[EM] Juho: Different answers to your questions. You're right...
juho4880 at yahoo.co.uk
Thu Sep 27 03:54:39 PDT 2012
On 27.9.2012, at 9.21, Michael Ossipoff wrote:
> ...about some things.
> But first, regarding some of the other things:
> 1. You seem to imply that you think that there is a single, objective,
> right ideal sincere winner. Of course you'll deny that, but you've
> repeatedly fallaciously based on argument on that assumption.
I deny that I'd think that there is one definition of right ideal sincere winner (since I think different elections, societies and individuals are free to define themselves who is the best, and different elections may well have different requirements). But in each election, with a set of votes (that do not contain exactly similarly or exactly equally well ranked candidates), one (each opinion holder separately) should at least in theory be able to tell which one of the candidates is the best and should be elected if the votes are sincere. There is thus always some understanding of what kind of candidate should be elected, and this philosophy could in principle be defined and presented as a "best sincere winner definition / criterion".
> Sometimes something is a matter of subjective, individual choice,
> without a single objective right answer.
> How do you think that you might go about proving that one particular
> winner is the ideal right sincere winner? Proofs and conclusions have
> to be based on some objective premise.
> You're giving us an unsupported assumption.
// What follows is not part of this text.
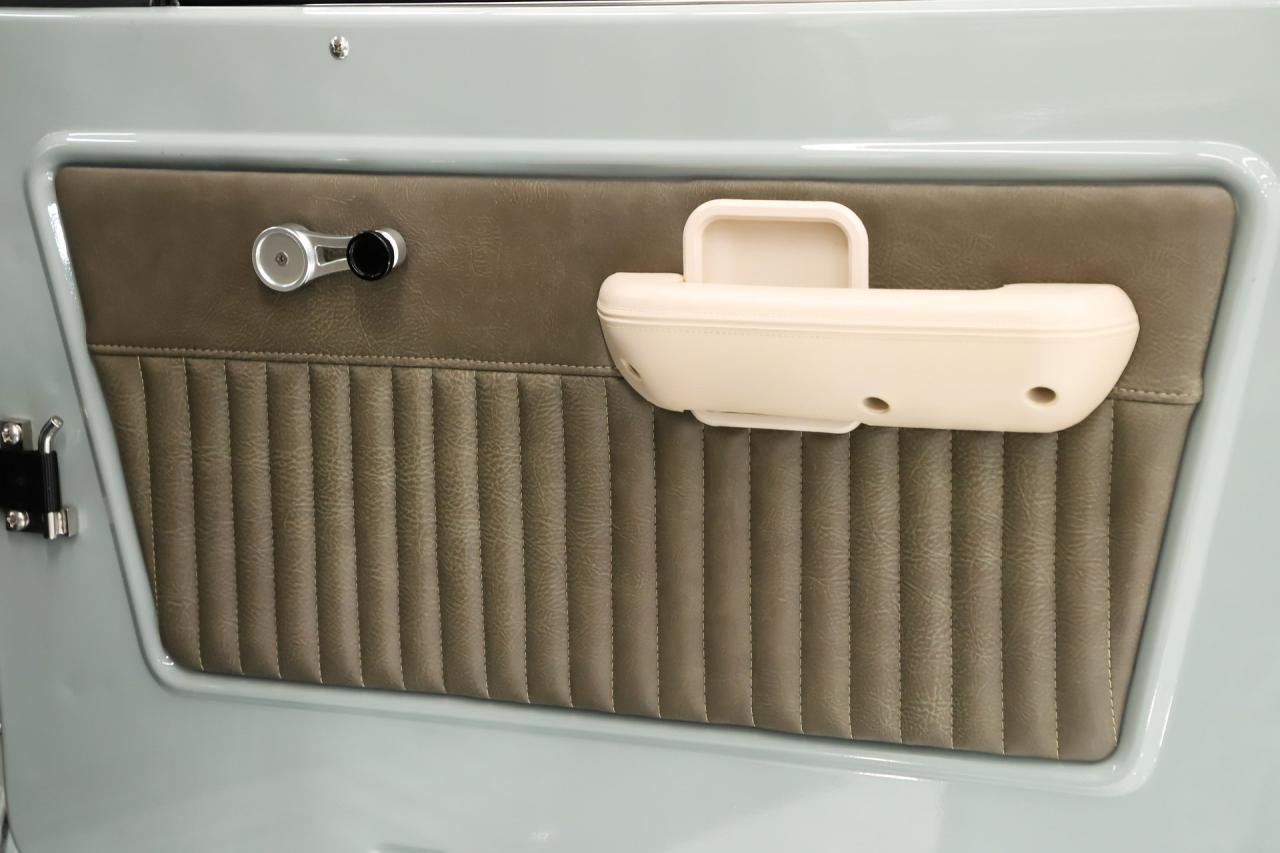 1974 Ford Bronco RESTOMOD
> 2. You seem to assume that, if there is a single, objective, right
> ideal sincere winner, then it must be found from rank-balloting.
I assumed that the best sincere winner definition will be given together with some assumption of the type of ballots. It would be ok to define the best sincere winner in terms of ratings, although one would choose a ranking based method for use in the elections. There might be various reasons for not using ratings directly in the actual method. Obviously one would pick such a rankings based method that elects as good winners as possible (according to the best sincere winner criterion), and has other good properties like sufficient strategy resistance. The resulting method would not always elect the best winner even if the votes were fully sincere, but it is now a good compromise between different needs (election of good winners, startegy resistance, simplicity etc.).
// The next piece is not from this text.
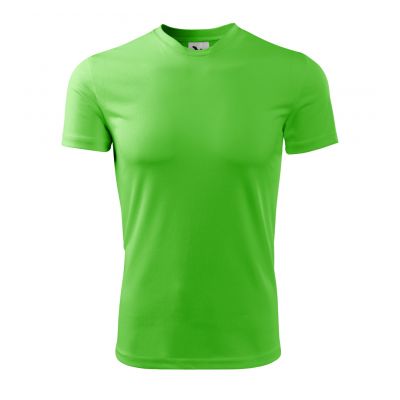 2. Herren Fantasy T-Shirt (grüner Apfel)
> Again, that's just your unsupported assumption.
> 3. You seem to think that, for any two desirable method-attributes,
> one of them can only be achieved by something that spoils the other.
> In other words, you think that any pair of desirable method-attributes
> must be mutually incompatible.
In some sense yes. I have mentioned the assumption that methods that have modified to be strategy resistant, usually do not implement any sincere best winner definition that has been determined for sincere votes.
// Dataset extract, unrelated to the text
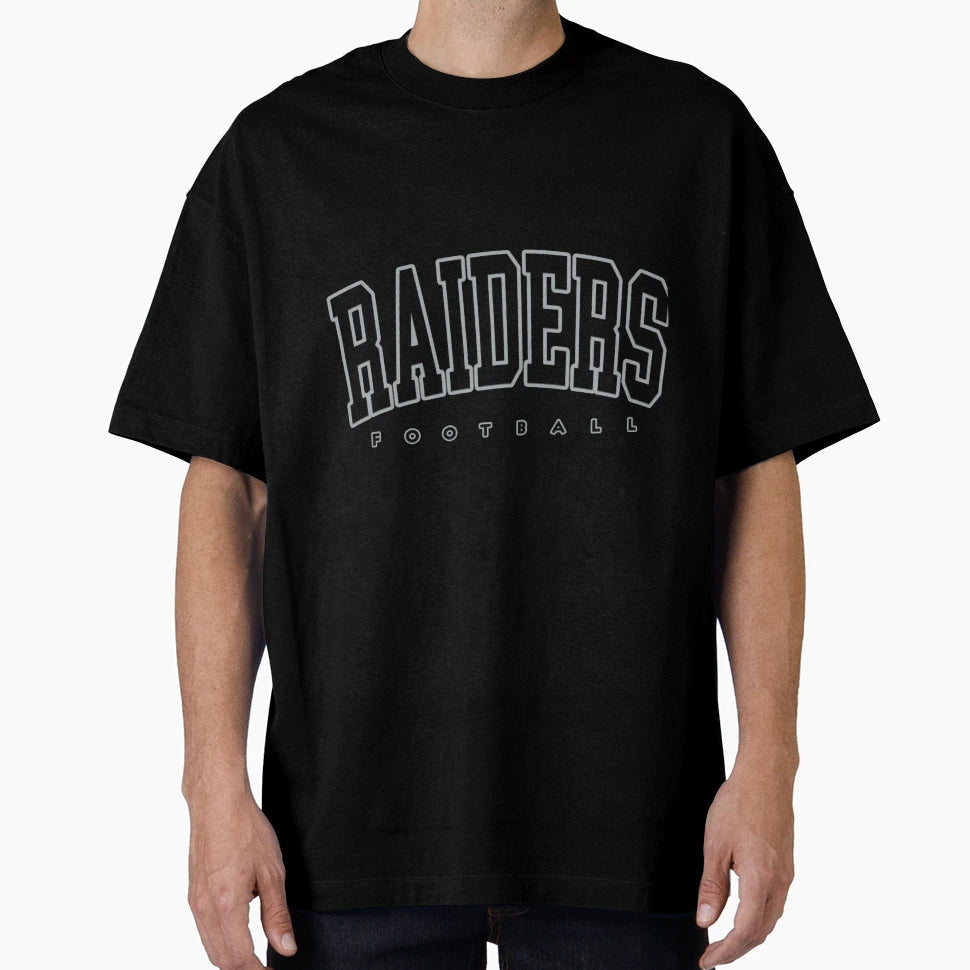 Art Las Vegas Raiders T-Shirt - Streetwear Style Men Women - T-Shirt, Sweatshirt, Hoodie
> ...a pair of desirable attributes such as freedom from the worst
> strategy needs, and choice of the unique, objective, right ideal
> sincere winner...or maybe any desirable sincere winner.
> In fact, it doesn't occur to you that free-ness from the worst
> strategy needs can result from a result that would be desirable as the
> sincere winner...or the best ideal sincere winner, if there is such a
Different needs could sometimes lead to the same answer. It is possible that the sincere winner definition naturally points in a direction that also is strategy resistant (maybe to some extent even typical). I only believe that if the method is tweaked or modified just to be strategy resistant, then one would with high probability deviate from the path of electing the best winner with sincere votes. Tweaking means here making decisions that aim at defending against some identified weaknesses of the method (strategic vulnerabilities or other other problems that are not related to pickng the best sincere winner).
My point thus is that if you first think about sincere votes and who should be elected, and then find a method that implements exactly that definition, and then you abserve some stratgy problems and modify the method so that it can better answer those chanllenges, then the method (by definition) is not any more the method that elected the best winners with sincere votes.
> I've told you why that, in fact is so (but without the assumption
> about there being a single best ideal sincere winner).
> Now: Something that you're right about:
> It made sense to ask me if I prefer any sincere winners or ways of
> choosing them. Yes I do.
> For Official Public Elections:
> Approval. (maybe Score too).
I guess Approval means the candidate that is most approved among the voters (not necessarily the one that gets the highest number of approvals from voters that give approvals to candidates using their best strategy to optimize the result from their point of view). That is, sincre Approval. Same with points in Score.
> I've discussed Approval's unique optimizations. Approving someone is
> actually quite relevant to choosing. I'm referring to procedural
> approval, as in "Yes, I will approve that proposal." Choosing the
> candidate for whom the most voters have chosen to say, "I approve this
> candidate" is an important and valuable optimization.
Yes, this sounds like sincere approval. I agree that in some elections the best sincere winner can be defined as the candidate that is approved by most voters.
> It retains what's good in Plurality, without any of what's undesirable
> about Plurality.
> You can approve those whom you like or trust, or the candidates who
> are acceptable to you.
> Approval, then, is choosing the candidate who is either liked or
> trusted by, or acceptable to, the most people.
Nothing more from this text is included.